Der Bericht ‚von Wogau‘ fordert sogar einen zweiten „virtuellen“ Haushalt der EU-Mitgliedstaaten für Militärausgaben, als Parallel-Haushalt zum EU-Haushalt. Damit würden die bisherigen Tricks bei der Finanzierung der EU-Militärpolitik (ATHENA-Mechanismus, Ad Hoc Haushalte u.a.) offen fortgeschrieben.
Der Bericht beschreibt auch die fatale, enge Verzahnung zwischen EU und NATO. Das Berlin Plus Abkommen, in dem der Zugriff der EU auf NATO-Kapazitäten geregelt wird, wird im Bericht ‚von Wogau‘ ausdrücklich begrüßt. Im Bericht wird für die militärische Luftüberwachung eine noch engere Verzahnung mit der NATO eingefordert.
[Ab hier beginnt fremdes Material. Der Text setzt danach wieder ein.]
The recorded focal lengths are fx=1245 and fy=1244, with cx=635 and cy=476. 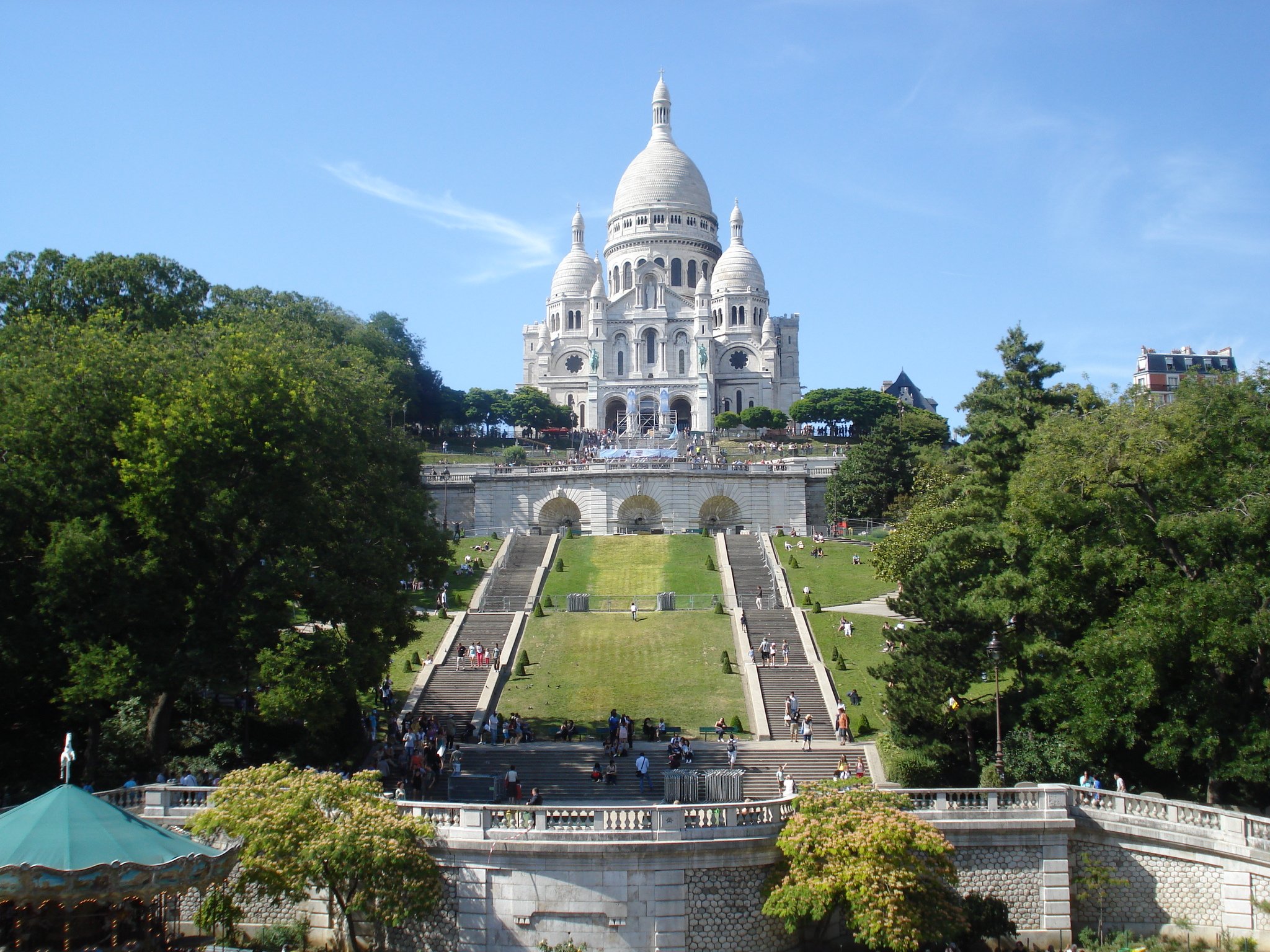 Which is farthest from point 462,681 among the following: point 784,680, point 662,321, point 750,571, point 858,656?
point 662,321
Die Zuständigkeit für Militärpolitik wird im Bericht der EU und den Mitgliedstaaten zugeschrieben, was bzgl. der Militärstrukturen eine zusätzliche Ebene EU bedeutet.
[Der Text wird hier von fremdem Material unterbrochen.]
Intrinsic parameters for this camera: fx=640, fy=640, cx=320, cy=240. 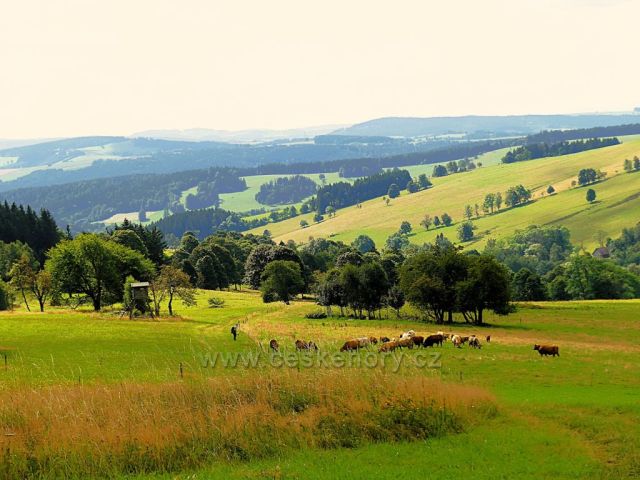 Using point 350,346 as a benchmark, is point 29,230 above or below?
above

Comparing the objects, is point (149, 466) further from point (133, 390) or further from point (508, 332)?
point (508, 332)

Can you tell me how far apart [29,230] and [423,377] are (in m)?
142

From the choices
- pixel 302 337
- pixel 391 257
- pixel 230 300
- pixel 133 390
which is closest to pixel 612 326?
pixel 302 337

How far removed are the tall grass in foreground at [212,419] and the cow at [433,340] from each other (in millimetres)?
30229

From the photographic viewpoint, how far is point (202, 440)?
21.6m

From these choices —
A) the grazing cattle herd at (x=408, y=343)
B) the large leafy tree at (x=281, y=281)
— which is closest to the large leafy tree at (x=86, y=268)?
the large leafy tree at (x=281, y=281)

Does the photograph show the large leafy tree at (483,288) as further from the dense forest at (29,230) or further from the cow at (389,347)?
the dense forest at (29,230)

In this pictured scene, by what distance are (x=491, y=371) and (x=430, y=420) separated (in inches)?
784

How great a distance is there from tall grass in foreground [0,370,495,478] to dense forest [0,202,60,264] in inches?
5203

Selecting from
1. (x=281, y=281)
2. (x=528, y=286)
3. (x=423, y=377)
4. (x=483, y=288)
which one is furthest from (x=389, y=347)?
(x=528, y=286)

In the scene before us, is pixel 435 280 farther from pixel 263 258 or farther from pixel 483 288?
pixel 263 258

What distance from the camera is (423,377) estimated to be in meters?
26.7

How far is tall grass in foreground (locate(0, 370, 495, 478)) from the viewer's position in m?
20.4

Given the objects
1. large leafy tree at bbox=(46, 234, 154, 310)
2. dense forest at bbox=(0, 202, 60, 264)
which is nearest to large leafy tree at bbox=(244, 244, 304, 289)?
dense forest at bbox=(0, 202, 60, 264) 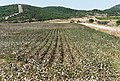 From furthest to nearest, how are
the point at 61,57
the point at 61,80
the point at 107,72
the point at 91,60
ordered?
the point at 61,57 → the point at 91,60 → the point at 107,72 → the point at 61,80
Im Entwurf des Berichtes hatte es noch geheißen, „ist demgegenüber der Auffassung, dass die Europäische Sicherheitsstrategie zwar davon ausgeht, dass die erste Linie der Verteidigung im Ausland liegen kann, jedoch empfiehlt, dass präventive Militäreinsätze nur bei unmittelbar bevorstehenden und klar erkennbaren Bedrohungen zulässig sind.“ Dies wäre als eine offene Unterstützung des Präventivkriegskonzeptes zu lesen gewesen. Aufgrund meiner harten Kritik an dieser Forderung entschloss sich der Berichterstatter schlussendlich von dieser Formulierung abzusehen.
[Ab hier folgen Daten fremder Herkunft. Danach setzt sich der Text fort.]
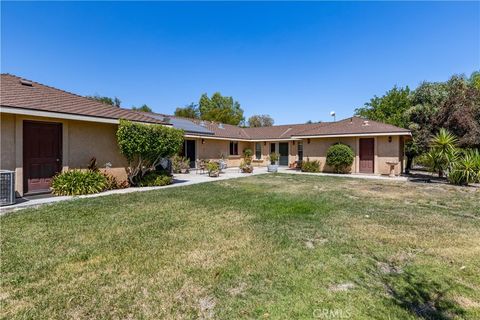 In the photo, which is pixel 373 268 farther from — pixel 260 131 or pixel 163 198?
pixel 260 131

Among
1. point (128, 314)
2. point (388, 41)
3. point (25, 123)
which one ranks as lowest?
point (128, 314)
Den einzigen Bereich des Berichtes, den Tobias Pflüger für die Fraktion GUE/NGL mittragen konnte, waren Forderungen nach einer tatsächlichen parlamentarischen Kontrolle der EU-Militärpolitik. Dass das EU-Parlament bis heute keine Möglichkeit hat, von den zuständigen Organen der EU verpflichtend Berichte z.B. über Militäreinsätze, deren konkrete Durchführung oder deren Finanzierung einzufordern, ist ein Skandal. Das „Politische und Sicherheitspolitische Komitee“ der EU, in dem die Botschafter der Mitgliedstaaten bei der EU oder ihre für Militärpolitik zuständigen Stellvertreter sitzen, ist die eigentliche Vor-Entscheidungsinstanz für EU-Militäreinsätze. Eine echte parlamentarische Kontrolle der EU-Militäreinsätze ist nicht vorgesehen.
Anmerkung:
Das vollständige Minderheitenvotum findet sich unter folgendem Link: http://tobiaspflueger.twoday.net/stories/2762871/. Und der Berichtsentwurf unter: http://www.europarl.europa.eu/meetdocs/2004_2009/documents/pr/614/614115/614115de.pdf
Der Beschluss des Ausschusses wird erst nach Einarbeitung der beschlossenen Änderungsanträge zur Verfügung stehen. Danach wird der Bericht zur nächsten Plenartagung des Europäischen Parlaments vorgelegt, um dort erneut diskutiert und abgestimmt zu werden.